Я решила стереть себя. Исчезнуть из всех социальных сетей, которые, я это чувствовала, уже давно с экрана проникли мне в душу и сделали меня беззащитной перед Мэгги, Винни и троллихой из Твиттера, кем бы она ни была. Я сделаю это с компьютера Ника, чей гигантский экран в дюйм толщиной занимал почти всю свободную комнату, где муж часто работал до рождения Лайлы, создавая символы и логотипы для своих клиентов.

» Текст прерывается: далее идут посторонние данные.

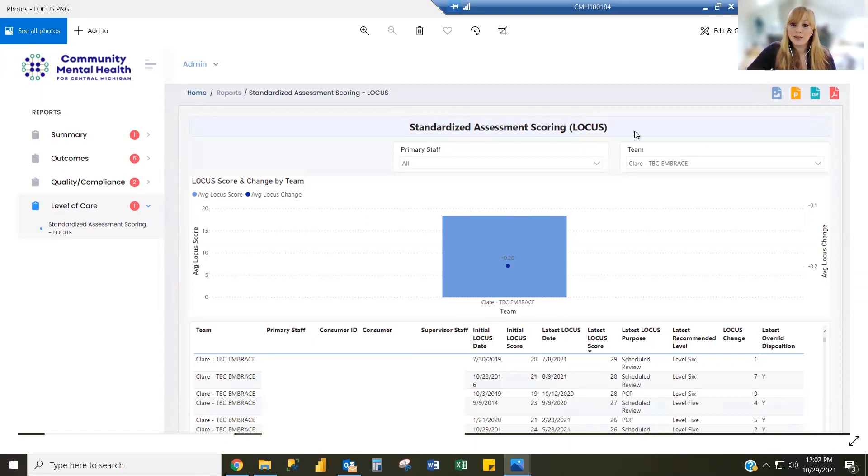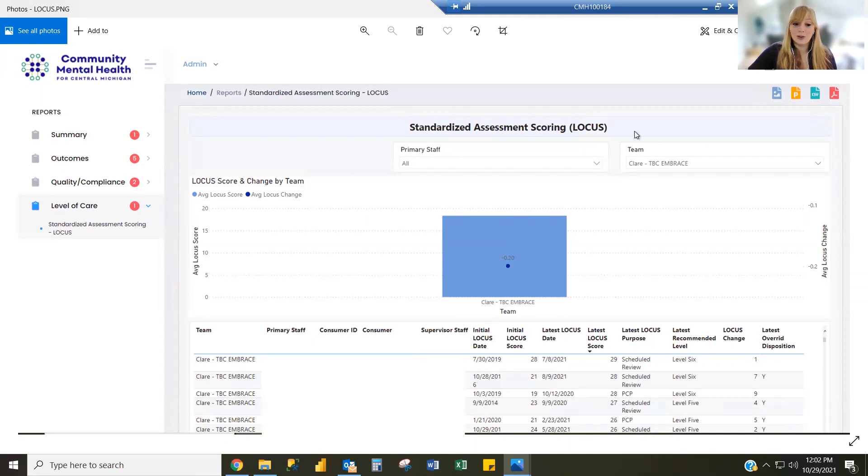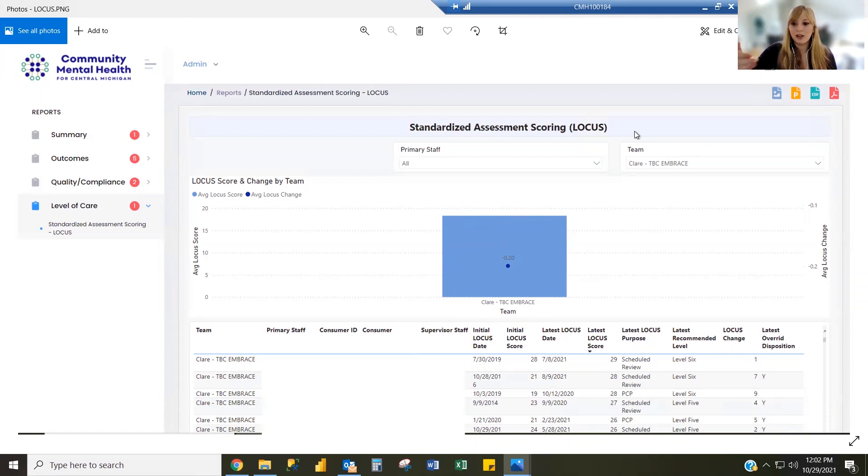I want to mention we have some additional reports being built. Those include the CAFUS and the CIS, bringing in additional information just like the LOCUS report that you see here will bring that information in for the CAFUS as well as the CIS.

Когда он купил его и я узнала цену, я была потрясена — отрыжка экономной юности, — но втайне покупка доставила мне удовольствие. Она отлично вписалась бы в интерьер лофта на Манхэттене. Этот экран, мечта продвинутого дизайнера, мог быть в какой-то степени и моей тинейджерской мечтой, если бы в том возрасте я знала, как классно может выглядеть матовая сталь.
В принципе, я могла бы удалить все и со своего телефона, но мне хотелось, чтобы удаление было окончательным, и я хотела убедиться, что все сделано «как надо». Слегка пьяная, я решила, что моя смерть в Сети должна стать событием церемониальным. А вот трезвая моя часть вдруг вспомнила, что наши практиканты часто давились от смеха, слыша мои запредельные вопросы из области техники, так что десктопы, как у Ника, все еще являлись единственным средством, с помощью которого дело делается «как надо».
Я впервые сяду за стол с момента рождения Лайлы. И, кажется, волнуюсь…
Включив свет у основания лестницы, я решительно поднялась по ступенькам. Из гостиной, оставшейся у меня за спиной, доносился негромкий гул монитора, на котором была видна Лайла, спавшая в «детской» — ну да, именно в детской. А из-за ее двери на верхней площадке лестницы изредка доносились посапывание и шелест простыней, когда она вертелась. Хотя мне все время казалось, что эти звуки доносятся до меня слишком редко.